Directed by Paul Schrader
Viewed on June 28, 2020
A tricky biographical picture about a divisive figure in 20th century Japan
Where lies the line between fact and fiction, the intersection of the word and the sword?
Mishima: A Life in Four Chapters explores this theme by presenting the final day in the life of Yukio Mishima intercut with interludes based on three of his most popular (and it would seem autobiographical) novels, in addition to some sequences from Mishima’s past. The scenes set within his novels exhibit a stylized visual philosophy, designed in bright colors that act in opposition to the more muted tones of the present (which are reminiscent of political thrillers like Z by Costa-Gravas) and the black/white shades of the past. Eiko Ishioka’s sets feature proportions and angles that skew from reality, ultimately representing a reader’s headspace when traveling through the narrative of each novel: every visual space becomes a place where the emotional and the physical collide to create meaning.

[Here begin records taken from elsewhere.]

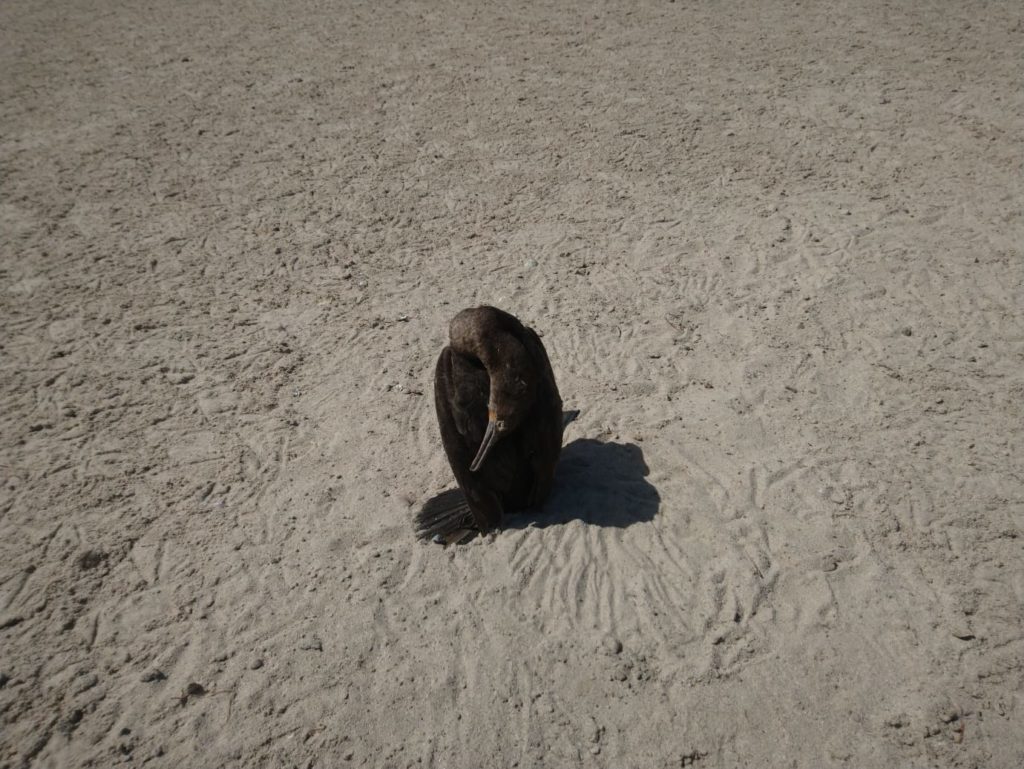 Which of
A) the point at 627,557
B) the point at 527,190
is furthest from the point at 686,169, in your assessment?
the point at 627,557

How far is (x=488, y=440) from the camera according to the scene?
477 cm

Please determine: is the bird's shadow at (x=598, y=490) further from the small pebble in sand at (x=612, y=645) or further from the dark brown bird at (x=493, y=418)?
the small pebble in sand at (x=612, y=645)

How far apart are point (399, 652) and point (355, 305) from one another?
13.2 ft

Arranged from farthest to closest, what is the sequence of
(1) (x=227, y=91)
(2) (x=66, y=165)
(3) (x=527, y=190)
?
(1) (x=227, y=91)
(2) (x=66, y=165)
(3) (x=527, y=190)

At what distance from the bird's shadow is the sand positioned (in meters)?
0.03

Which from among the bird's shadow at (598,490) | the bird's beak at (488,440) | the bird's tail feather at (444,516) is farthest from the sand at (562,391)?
the bird's beak at (488,440)

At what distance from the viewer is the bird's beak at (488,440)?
15.6 feet

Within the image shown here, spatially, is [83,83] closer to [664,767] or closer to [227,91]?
[227,91]

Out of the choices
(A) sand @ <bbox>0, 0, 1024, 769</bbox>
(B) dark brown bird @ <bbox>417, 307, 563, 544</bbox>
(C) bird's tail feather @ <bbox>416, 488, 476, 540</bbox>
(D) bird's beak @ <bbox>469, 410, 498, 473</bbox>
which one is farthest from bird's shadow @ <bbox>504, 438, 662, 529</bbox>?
(D) bird's beak @ <bbox>469, 410, 498, 473</bbox>

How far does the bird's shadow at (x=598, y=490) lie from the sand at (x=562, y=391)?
0.09 ft

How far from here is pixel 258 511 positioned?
5723 mm

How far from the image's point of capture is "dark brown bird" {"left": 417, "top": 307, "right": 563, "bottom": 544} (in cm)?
466

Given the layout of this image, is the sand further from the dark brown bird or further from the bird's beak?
the bird's beak

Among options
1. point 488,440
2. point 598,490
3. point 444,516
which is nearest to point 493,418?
point 488,440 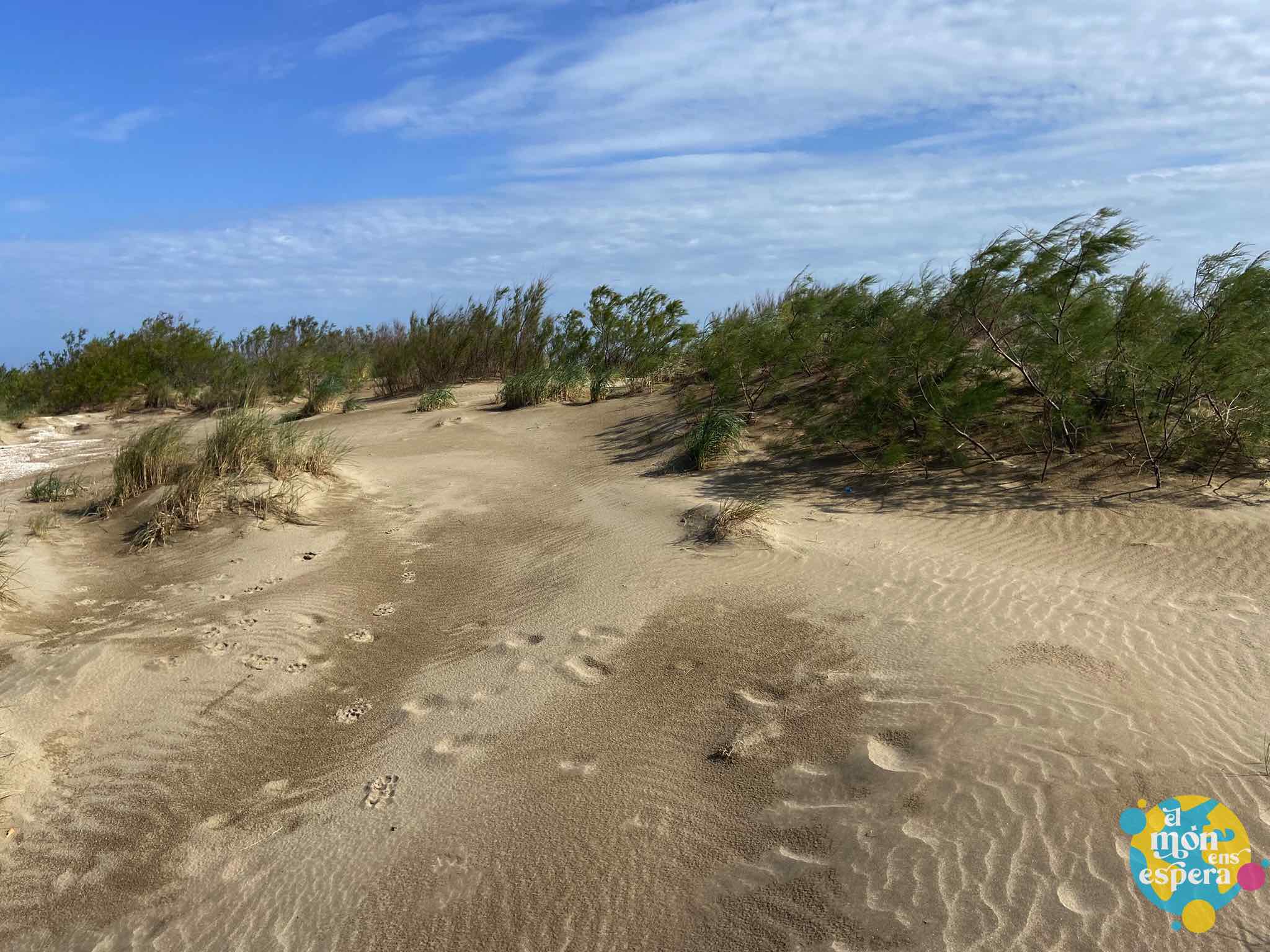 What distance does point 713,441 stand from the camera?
10844mm

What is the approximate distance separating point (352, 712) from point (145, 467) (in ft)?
17.8

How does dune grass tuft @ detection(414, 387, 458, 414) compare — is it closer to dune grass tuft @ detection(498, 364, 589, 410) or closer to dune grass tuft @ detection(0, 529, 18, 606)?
dune grass tuft @ detection(498, 364, 589, 410)

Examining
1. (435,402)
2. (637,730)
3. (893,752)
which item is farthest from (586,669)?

Philip Glass’s score punctuates the rhythm of the movie, providing a repetitive theme that lulls the viewer into a meditative state. The music provides tension and peace in equal measure. When Glass varies the theme within a piece, however, the change helps the viewer to understand the importance of the visual moment, akin to a glimpse of nirvana through the clouds of self-reflection.
Paul and Leonard Schrader’s script contributes to the old argument of whether authors’ lives are important to understanding their work. Mishima’s novels foreshadow and inform his final act: each book is a precept or code for how wants to shape his final reality. He writes so that he can make physical his inner desires and principles. The caveat to the symbiosis between Mishima’s work and life is that the connections can only be made after he dies – as Mishima commits suicide, so too do his novels reach their climaxes in a beautiful montage that concludes with the symbol of imperial Japan that Mishima failed to return to glory: a rising red sun.
Mishima transcends typical biographical fare because it refuses to over-explain the diverse threads that made up Mishima’s oft-contradictory life. Instead, the film depicts his life within the context of his work, using their themes as a framework upon which to analyze Mishima as both a human being and a symbolic figure. The plot hops all over Mishima’s fictional and non-fictional lives, the script denying the viewer the easy tropes that one expects from biographies in order to paint more impressionistic and occasionally abstract strokes about the truth of Mishima’s life, or at least his search for that elusive ideal. The final argument of Mishima is that truth is subjective and spread across the stories that we tell, fictions inspired by our slight perceptions of reality, small verses contributed to an epic that we will never read in its entirety.